All the world’s a stage, but some stages are better than others. Why wouldn’t that make sense for a film adaptation of Chicago? Fame is what Roxie craves, even within a system of exploitation and corruption. The transience of celebrity never occurs to her, only the possibility of glamour and elegance and power. That Roxie and Velma (Catherine Zeta-Jones) have any power, even when they are in prison, is certainly one of the things that is most interesting about the object: All of the stories of the women on Murderess Row are borne out of abuse, exploitation and trauma, and it becomes, then, a kind of game to see who can weaponize or reappropriate their experience the best, turning their relationship between the press, the judicial system and their own identities as women existing under patriarchy and capitalism into a tug of war.

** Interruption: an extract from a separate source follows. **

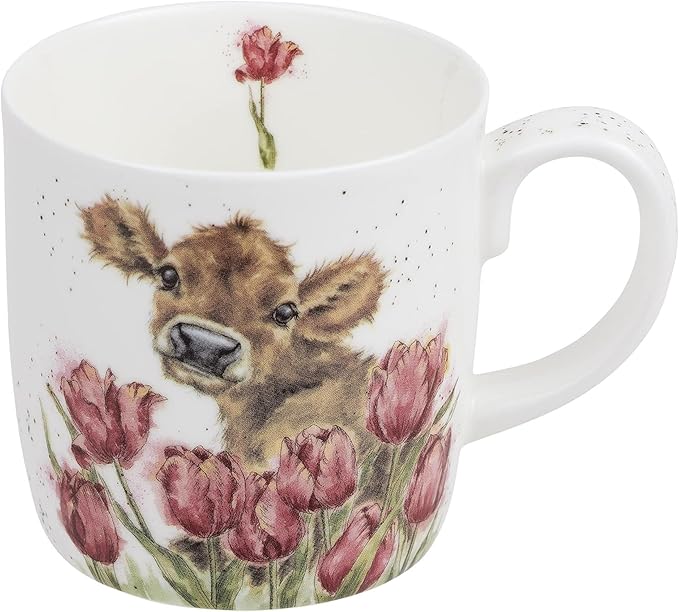 Royal Worcester Wrendale Designs Bessie Cow Mug | 14 Ounce Large Coffee Mug with Cow Design | Made from Fine Bone China | Microwave and Dishwasher Safe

But Roxie’s subjectivity is less cynical than Fosse’s—maybe a little naive, eating up the razzle dazzle, the ingredient that made Fosse’s theme of faking it till you make it most subversive in his work, at face value. Glitter literally falls from an imagined sky during “Razzle Dazzle,” as Billy Flynn (Richard Gere) tells her “it’s all a show.” That’s what she wanted, right? We aren’t given that subjectivity in Fosse’s version. So, even if that’s true, it’s curious that his Roxie is as impressionable as she is in Marshall’s film; she’s less wise than Velma, and the film’s romantic and surprisingly faithful approach feels nearly antithetical to Fosse’s creation. Fosse’s Chicago was a damning critique of an American public’s obsession with fame at any cost, of an industry that was keen on taking advantage of people who sought out fame. Marshall’s is less acidic, and with little comment outside of Roxie’s vision to suggest that cynicism. It’s more enamored of the lies of the spectacle than of understanding that spectacle itself was a lie.

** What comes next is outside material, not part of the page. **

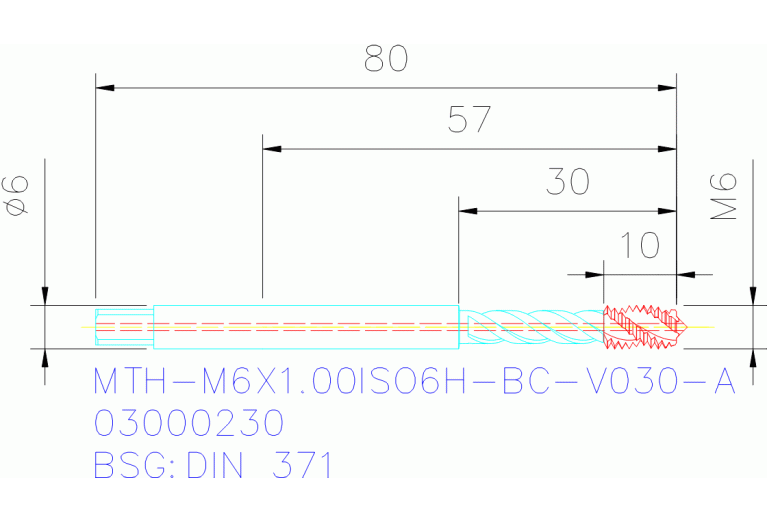 MTH-M6X1.00ISO6H-BC-V030-A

For a film adaptation that loves artifice in only a lightly critical manner, it makes sense that, though the film is excellent as entertainment, its bite has waned in the time since. Criminality as a form of fame is almost kind of boring, even after Fyre Festival and the rise and fall of Elizabeth Holmes. In the current sociopolitical climate, people amassing power, wealth and influence based on badness, artifice and scamming are a dime a dozen. The reveal is no longer necessarily interesting, save for a handful of examples.

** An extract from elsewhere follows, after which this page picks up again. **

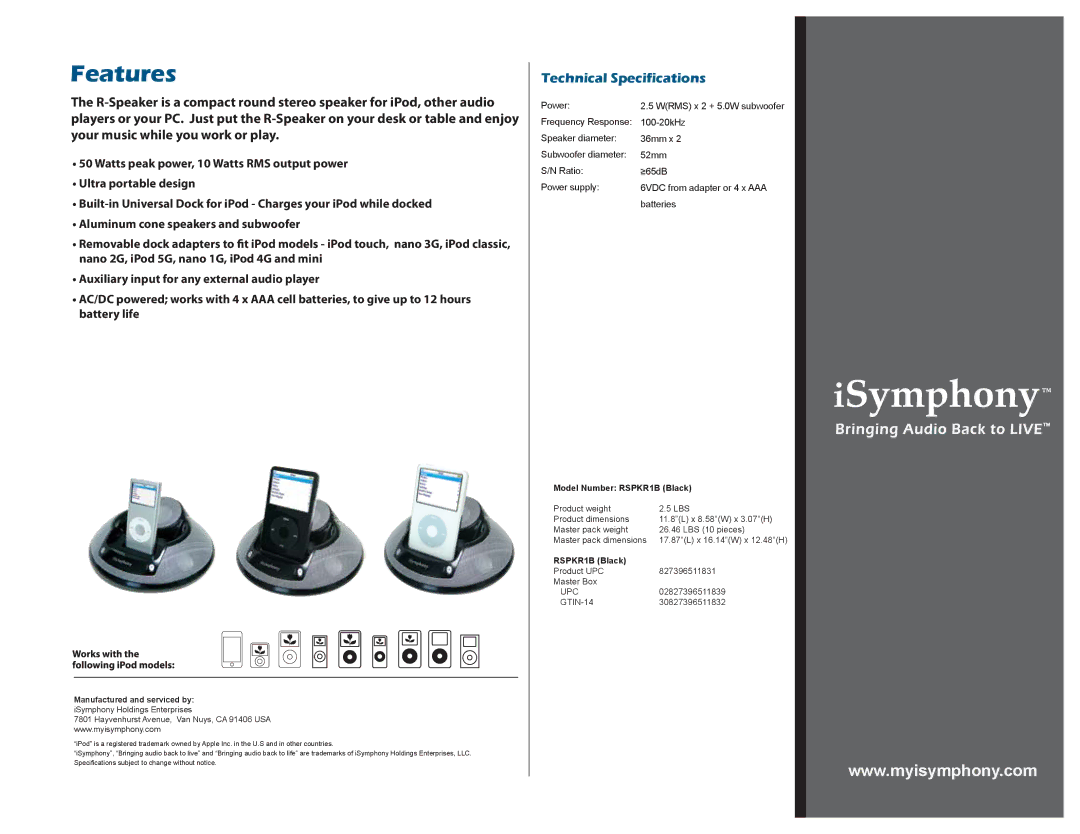 iSymphony R-Speaker Features, Technical Specifications, Manufactured and serviced by iSymphony Holdings Enterprises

In a way, the Marshall iteration of Chicago’s complement cinematically would become David Fincher’s Gone Girl: also about a blonde, also about someone who uses systems of power, both institutional and familial, to their advantage. Both ready to perform. Crucially, though, Amazing Amy (Rosamund Pike) is aware of just how easy it is to lose when you think you’ve won. She knows the lies behind the razzle dazzle.